Fig 4. The influence value of genes using three methods: The principal components analysis (PCOut), the linear canonical correlation analysis (LCCOut), and the kernel canonical correlation analysis (KCCOut).

https://doi.org/10.1371/journal.pone.0217027.g004

Download:

Fig 5. The Venn diagram of the selected genes using three methods: The principal components analysis (PCOut), the linear canonical correlation analysis (LCCOut), and the kernel canonical correlation analysis (KCCOut).

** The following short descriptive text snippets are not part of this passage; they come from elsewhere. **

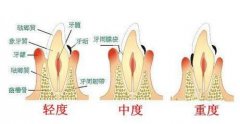 牙周炎都有哪些预防方法呢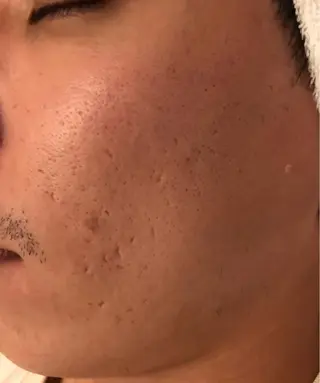 ニキビ専門サロン ド　ミモザのエステ・リラクイメージ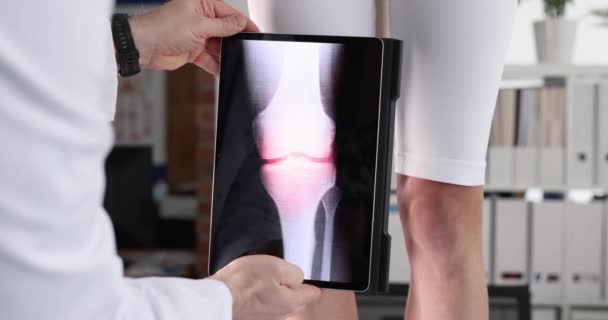 근처에 무릎의 엑스레이와 디지털 태블릿을 의사는 필름의 동작을 클로즈업한다 류머티즘 — 비디오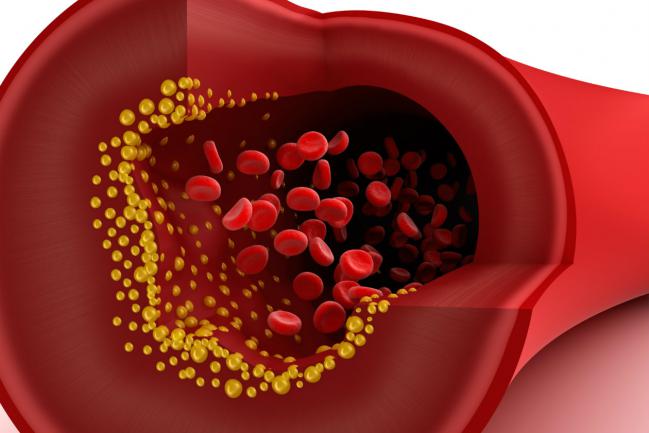 6 mitos sobre o colesterol que nunca devemos acreditar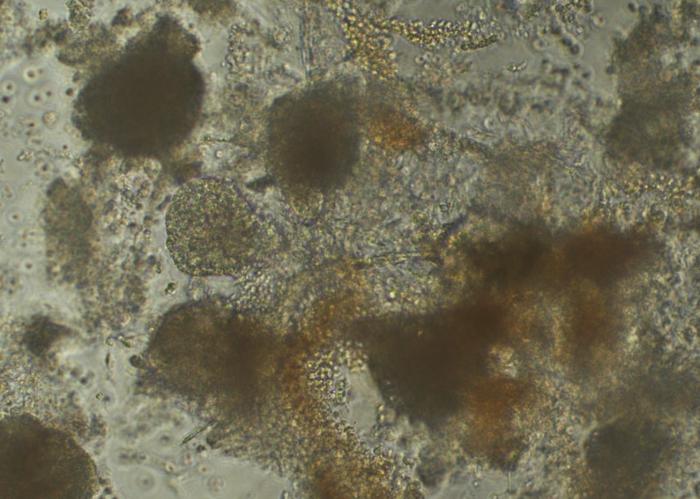 Cardiomyocytes in a petri dish - Garvan Institute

https://doi.org/10.1371/journal.pone.0217027.g005

Genes do not function alone; rather, they interact with each other. When genes share a similar set of gene ontology (GO), they are more likely to be involved with similar biological mechanisms. To verify this, we extracted the GO of biological process categories and Kyoto Encyclopedia of Genes and Genomes (KEGG) pathway annotations of 210 genes detected by proposed KCCA using Database for Annotation, Visualization and Integrated Discovery (DAVID) [35]. The GO analysis revealed that most of genes are significantly enriched in biological adhesion, cell adhesion, viral process, multi-organism cellular process, regulation of cellular amide metabolic process etc. (see supplementary S1 Table). Table 3 presents the KEGG pathway analysis. From the table, we found that these genes are mostly enriched in toxoplasmosis, antigen processing and presentation, proteoglycans in cancer, neurotrophin signaling pathway, small cell lung cancer etc. (also see supplementary S2 Table). We also constructed the gene-gene interaction networks using STRING [36]. The STRING imports protein association knowledge from databases of both physical interactions and curated biological pathways. In STRING, the simple interaction unit is the functional relationship between two proteins or genes that can contribute to a common biological purpose. Fig 6. shows the gene-gene network based on the protein interactions among the selected 210 genes. In this figure, the color saturation of the edges represents the confidence score of a functional association. Further network analysis shows that the number of nodes, number of edges, average node degree, clustering coefficient, p-values are 75, 214, 5.71, 0.473 for p ≤ 8.22 × 10⁻¹⁵, respectively. This network of genes has significantly more interactions than expected, which indicates that they may function in a concerted effort.

Download:

Fig 6. The network of the selected genes by the proposed method of colon cancer microarray data.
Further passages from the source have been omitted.